If you want to get more into the weeds of atoms, check out Wesley Salmon’s Scientific Explanation and the Causal Structure of the World. The blog here pieces together Meehl’s lecture, Salmon’s argument, and my own reading of Perrin. Maybe I got too into the weeds here.
In our modern standards, Avogadro’s constant defines a mole. It is now completely backwards: A mole was first defined by a volume of gas, but now defined to be NA molecules.
As Meehl says, Mach died in 1916, but maybe would have changed his mind had he lived a bit longer.
Interesting analogy here with physicists regarding heliocentrism as a convenient fiction for more accurate prediction calculations than geocentrism, for decades after Copernicus, since heliocentrism obviously made no physical sense and violated everything we knew about everything.

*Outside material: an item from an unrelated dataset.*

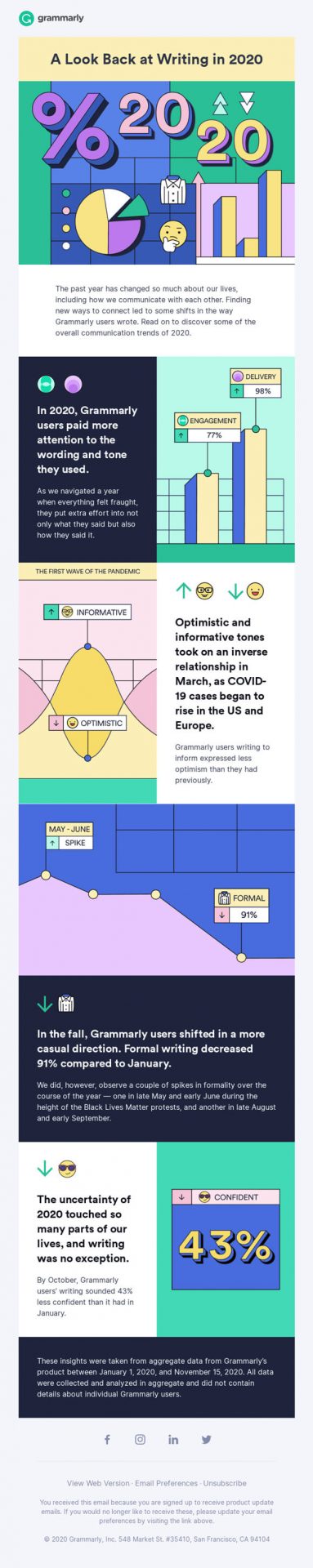 Email Newsletter Design Internal Data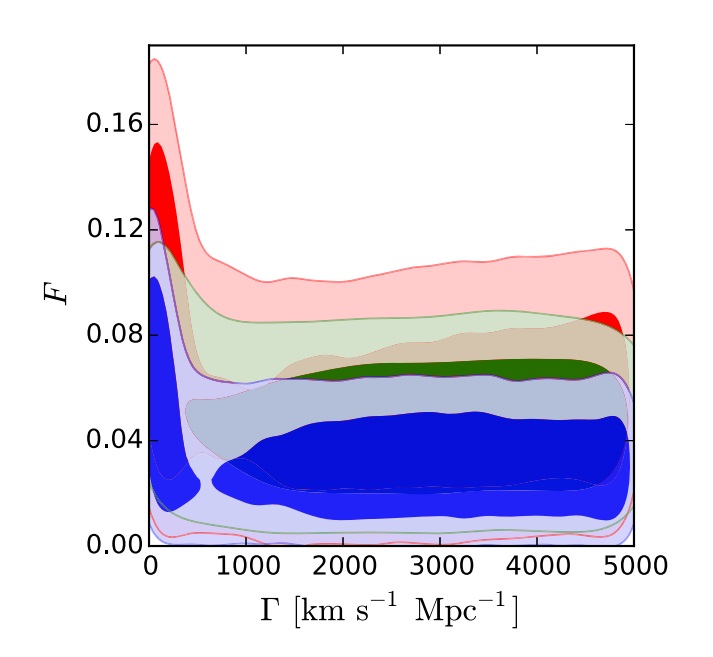 Koncentrace nestabilní složky temné hmoty F ve vztahu k rychlosti expanze ne-gravitačně vázaných objektů (proporcionálně ke stáří vesmíru), jak vyplynula z různých kombinací dat z Planckova teleskopu pro několik různých kosmických jevů. (Kredit: MIPT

(This is covered at length in Kuhn's _Copernican Revolution_, which is in many ways a better book than _Scientific Revolutions_, although also less significant.)
An interesting take from a "Philosophical Psychology" viewpoint. Practising empiricists had long been dismissed for shallow "Phenomenologists" by Physicists but eventually prevailed on the sheer weight of accumulated evidence over which Perrin agonises in the 20th Century almost 200 years later.